There are definitely way more than six things I’ve learned about being a parent, but these are some of the top things. Being a Conscious Parent is truly a full-time job and it’s a lot like putting a puzzle together as you observe your child learning and growing. What lessons are they working on and how do you fit into the picture? Are you supposed to help or not help, support, suggest, guide, let them be?
Here are six of the top things I’ve learned about being a parent:
You are not your child’s ‘friend’. I’m clear that I am my son’s mother and I know why it’s important to know the difference. Caidin and I have a great relationship, but I am not his ‘friend’, I am his Mom. A Mom can be friendly, but friends hold a very different place in our lives. As Caidin’s Mom, I understand that it’s my responsibility to make the tough decisions, to lay the ground rules and to insist that they be followed. I know that when I do, there are times that he’s going to go up to his room and be mad at me for a few minutes, but in the end I also know that it will all be O.K. He knows that I love him, I like him and he also understands my role as his mother. Spend some time talking to your child about your job as ‘parent’. It might help them better understand why you make the decisions you make and it might make the need to struggle against you far less. Don’t use old cliches like ‘I’m doing this for your own good.’ That never made any sense to us, and it won’t make sense to your kids either.
It’s not your job to make things easy but rather to give your child opportunities to learn and grow. No one wants to see their kids struggle, but it is in overcoming those struggles that many of their best life lessons are learned. As a Mom it can be almost instinctual to want to smooth the way. Instead of doing something for your child, be the first to encourage her to try to for herself, help her find strategies to solve her own problems or find answers to her own questions. If it’s problems with friends or school, help her find solutions. And don’t try to make her school experience perfect. School is not only for learning about math and reading and science, but it is also about learning how to navigate the world.
Their school experience is not your school experience. When Caidin first started school I felt like I had stepped back into High School. Conversations were peppered with gossip and certain parents seemed to form power wielding clicks. When one parent turned and walked away from me while I was talking I realized, Caidin’s school experience is not my school experience. It was a great relief as I stopped trying to fit in and moved to simply dropping Caidin off and speaking to anyone who was interested, allowing those who weren’t to float by like a passing breeze. I removed myself from any drama or discussion that wasn’t about anything relevant. If you find you have anxiety about interacting in your child’s school environment just remind yourself – he’ the one who is going to school, not you.
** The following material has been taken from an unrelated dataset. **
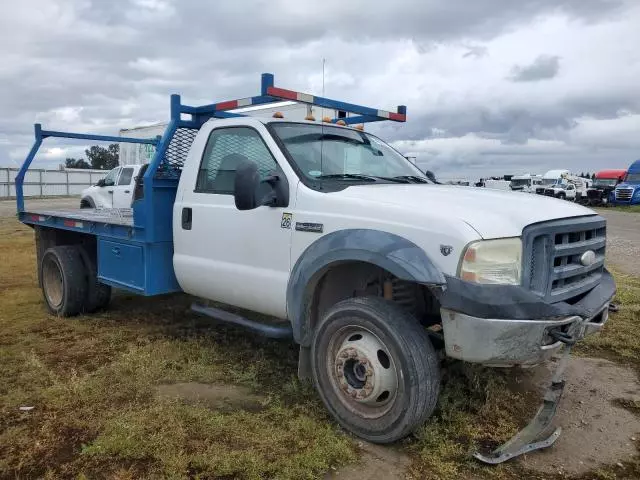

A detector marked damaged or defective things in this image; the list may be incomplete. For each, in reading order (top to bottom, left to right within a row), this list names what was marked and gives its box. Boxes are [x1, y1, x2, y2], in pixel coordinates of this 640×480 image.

damaged front bumper [438, 268, 612, 366]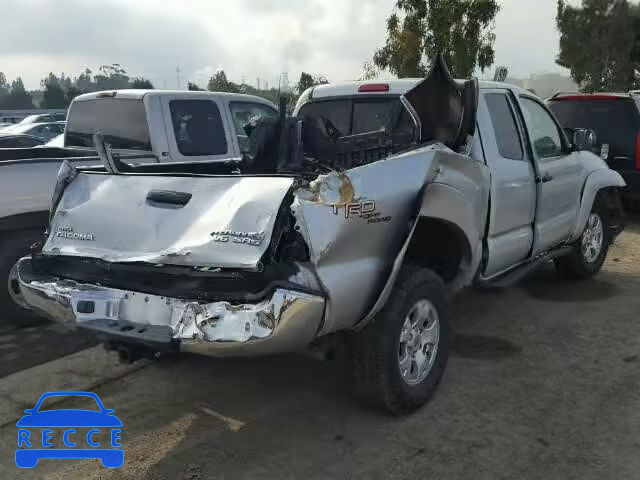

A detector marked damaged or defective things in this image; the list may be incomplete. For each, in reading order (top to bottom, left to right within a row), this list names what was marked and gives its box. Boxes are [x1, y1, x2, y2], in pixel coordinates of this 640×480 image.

severely damaged truck bed [7, 54, 624, 410]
You are your child’s advocate Your child needs someone who stands on their side. It’s time to put aside whatever makes you uncomfortable and speak-up for your child. Some parents have no problem with this and some would benefit greatly from monitoring their involvement, but others are afraid to speak-up when something seems wrong or out of place. Their own fear of confrontation gets in the way. Children need us to be their advocates but that doesn’t mean problem solvers. Being their advocate means that you intervene if it seems like they are getting no where with a teacher or a friend or worse a bully. If someone doesn’t ‘like’ you for speaking up, better that then your child feel like she is alone.
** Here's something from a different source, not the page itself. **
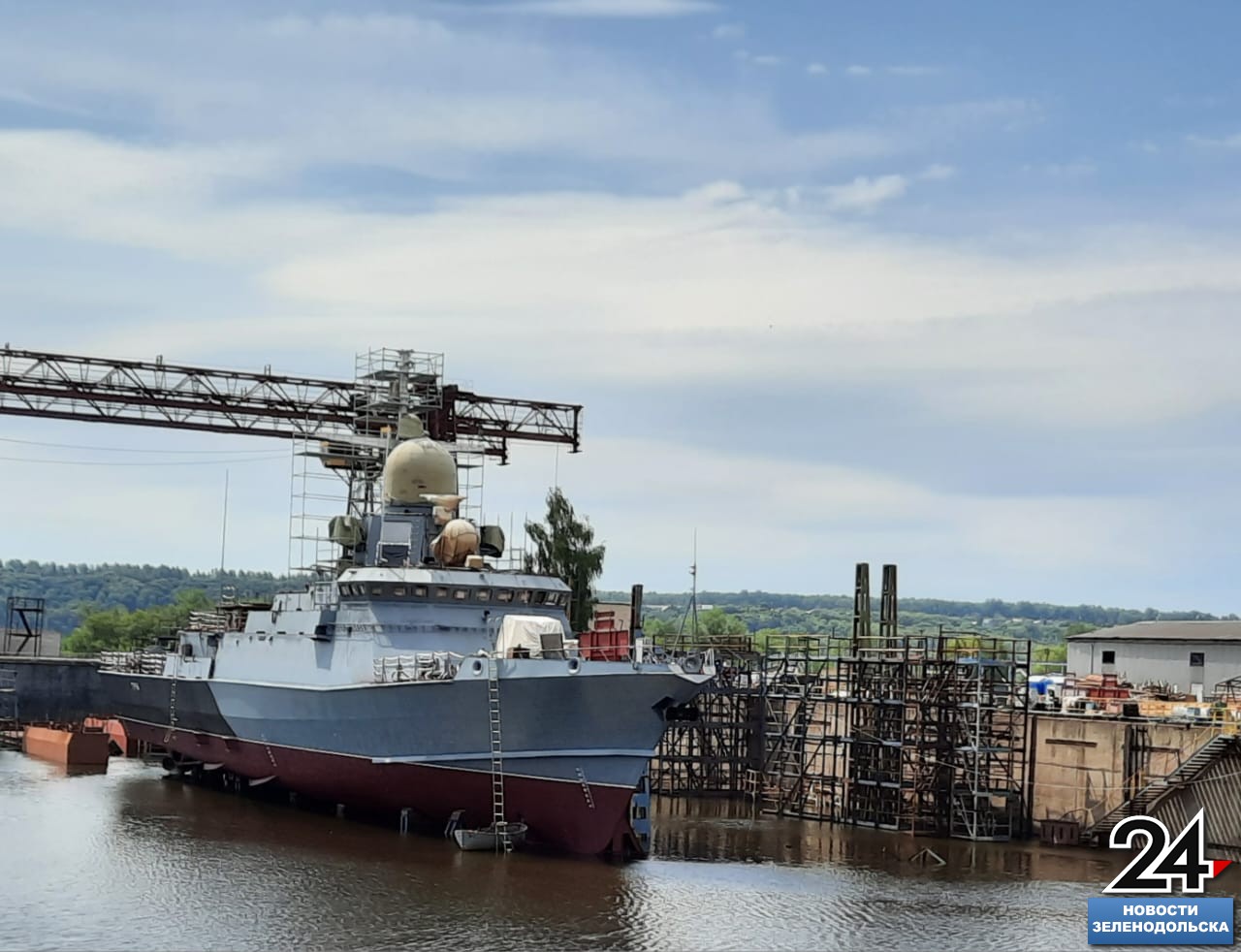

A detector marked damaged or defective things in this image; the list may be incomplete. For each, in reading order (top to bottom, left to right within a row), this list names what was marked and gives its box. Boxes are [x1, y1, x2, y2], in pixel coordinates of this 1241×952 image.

rusty steel truss [0, 344, 581, 463]
rusty metal framework [0, 347, 581, 466]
Nothing can take the place of one-on-one time. Kids might like things and gadgets and toys, but in the end, there is nothing better than when they get to spend real, meaningful time with you. Even if you have one of those cynical teenagers who doesn’t seem to have anytime to spend with you at all, there is something that you can find, some moment that will remind them that you are always there – whether it’s having lunch, or going to a concert or doing something that he wants to do – one-on-one time is incredibly powerful.
Simple is often better. How many times have you gone out of your way to buy a shiny new something (for your baby, for your toddler, for your child, for your teen) only to have it cast aside a few days or a month later. Yet that old cardboard box has been turned into cars, spaceships, forts and a restaurant. Sometimes too many things are just that too many things. Help your child find joy in the simpler things – the cardboard box, the nighttime sky, the plants around us, there is no shortage of simpler things.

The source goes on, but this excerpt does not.